Durchgeschwitzt und stinkend gehe ich auf dem Rückweg noch in meine Lieblingsbäckerei vor Ort und lasse mir zwei Brötchen belegen. Dazu gönne ich mir noch ein uriges Brötchen und eins mit Weizen Urkorn. Das klingt beides zu gut, um es nicht zu probieren. Weil ich gerade übermütig bin, gibt es dazu noch eine 0,5 Liter Flasche Coca Cola und eine Marzipanschnecke. So mag ich das. Dieser Urlaubstag gefällt mir, auch wenn mein Rücken schmerzt und meine Verspannungen gar fürchterlich sind. Bis ich im Zimmer ankomme habe ich 16,4 Kilometer zurückgelegt, was nicht so viel ist, wenn man aber bedenkt, dass ich die erste Stunde des Spaziergangs nur aufwärts klettern musste und später wieder runter, dann sind 16,4 Kilometer doch irgendwie viel. Ich nehme die zwei Brötchen zu mir, trinke Cola und gehe anschließend noch kurz an die Mosel, um irgendwo auf einer Bank den Tag ausklingen zu lassen. Weniger als 16,4 Kilometer bin ich übrigens an keinem meiner Tage hier gewandert, was ich ganz ordentlich finde.

Später lese ich noch eine Weile, dann ist es nach 22.00 Uhr und der Urlaub vorbei. Morgen ist er nur noch eine Erinnerung und das Grau ist wieder die vorherrschende Farbe des Alltags. Normale Routinen übernehmen das Kommando, Arzttermine und andere Termine ebenso. Ich mache mir Gedanken über den Tagesablauf, werde rasch unzufrieden sein und all das, was diese Tage mir gegeben haben wird schon bald fortgespült sein.

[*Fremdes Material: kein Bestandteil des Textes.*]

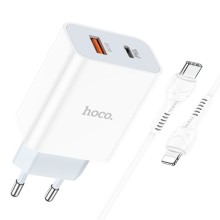 МЗП HOCO C97A PD20W+QC3.0 (1USB/1Type-C/3A) + Type-C to Lightning – Білий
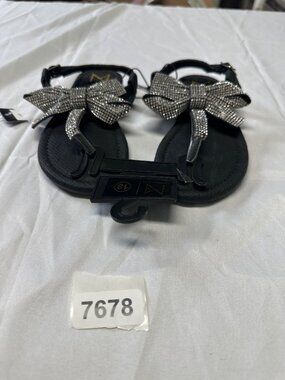 material girl size 13 nwt black thong sandals with rhinestone embellishment silv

Nichts kann wirklich schön sein, weil es dort wo ich lebe und wie ich lebe für mich nicht schön sein kann. Diese Art zu leben bringt mich einfach nur um und ich denke an die paar Tage, die ich damals mit Frauen an einem Fließend arbeitete. Ich denke daran, wie sie fast nur davon redeten dreimal im Jahr in den Urlaub zu fahren, dafür ständig Überstunden machten und vermutlich nur während der Urlaube lebten. Damals fand ich das grotesk, lächerlich, verachtungswürdig. Und jetzt verstehe ich diese Frauen und finde es traurig, dass ich auch so bin. Und doch kann ich froh sein, dass ich mir Urlaube überhaupt leisten kann, denn ohne Urlaube bin ich meist nur eine funktionierende, bemitleidenswerte Kreatur. Sieben Monate noch, dann habe ich wieder Urlaub, wenn ich vorher nicht eingegangen bin. Vom Leben zersetzt oder zerfetzt. Was für blöde Gedanken zum Abschluss eines schönen Urlaubs.